### Supplied information ###
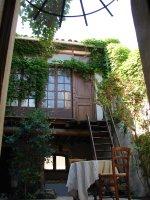 SUPERBE MAISON DE VILLAGE A LA ROQUE D'ANTHERON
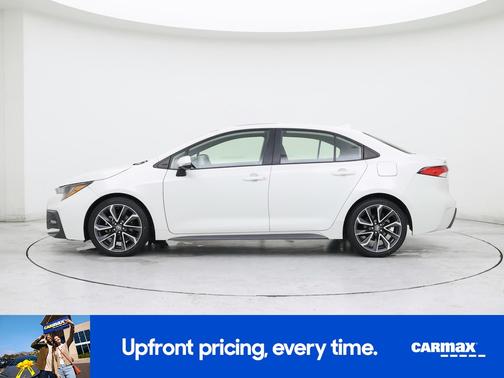 White 2021 Toyota Corolla SE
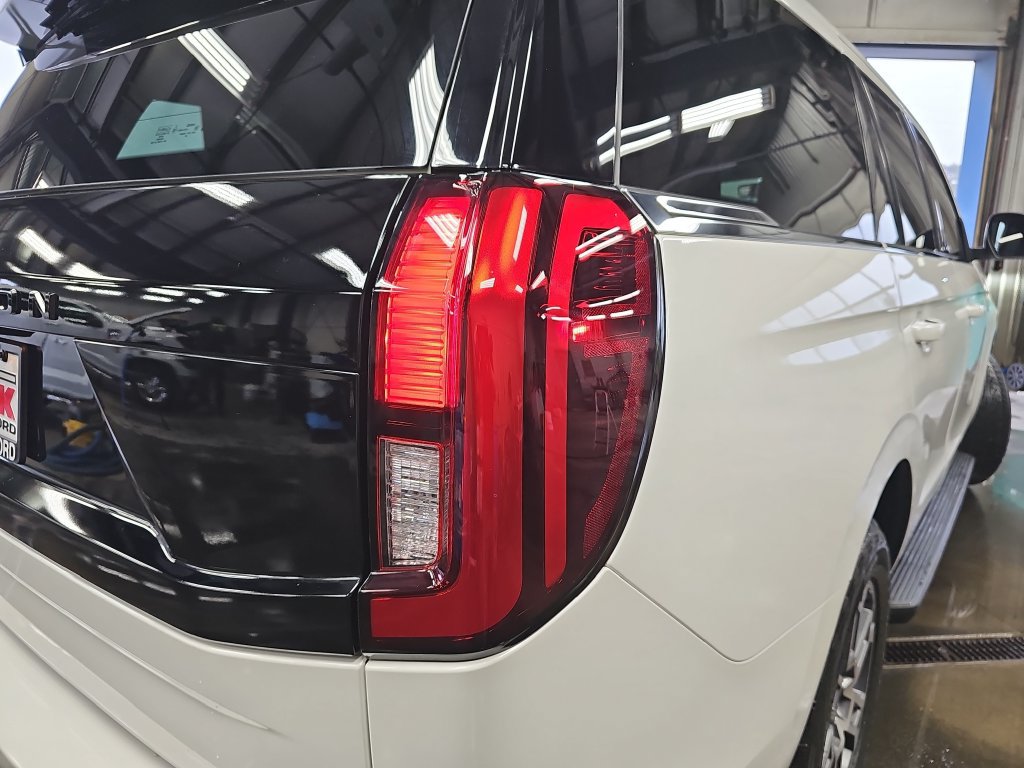 Certified 2026 Ford Expedition Active AWD/4WD image 34
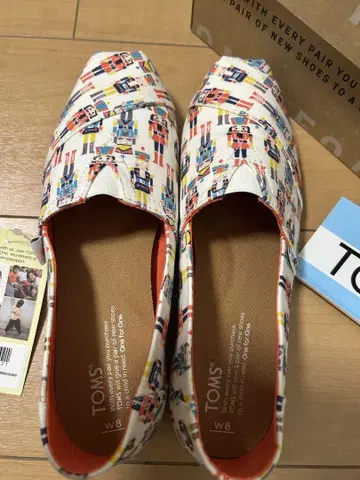 TOMS 슬립온 W8 호두까기 인형 희귀 패턴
###
Please copy the data above character for character, skipping any pictures.

 SUPERBE MAISON DE VILLAGE A LA ROQUE D'ANTHERON
 White 2021 Toyota Corolla SE
 Certified 2026 Ford Expedition Active AWD/4WD image 34
 TOMS 슬립온 W8 호두까기 인형 희귀 패턴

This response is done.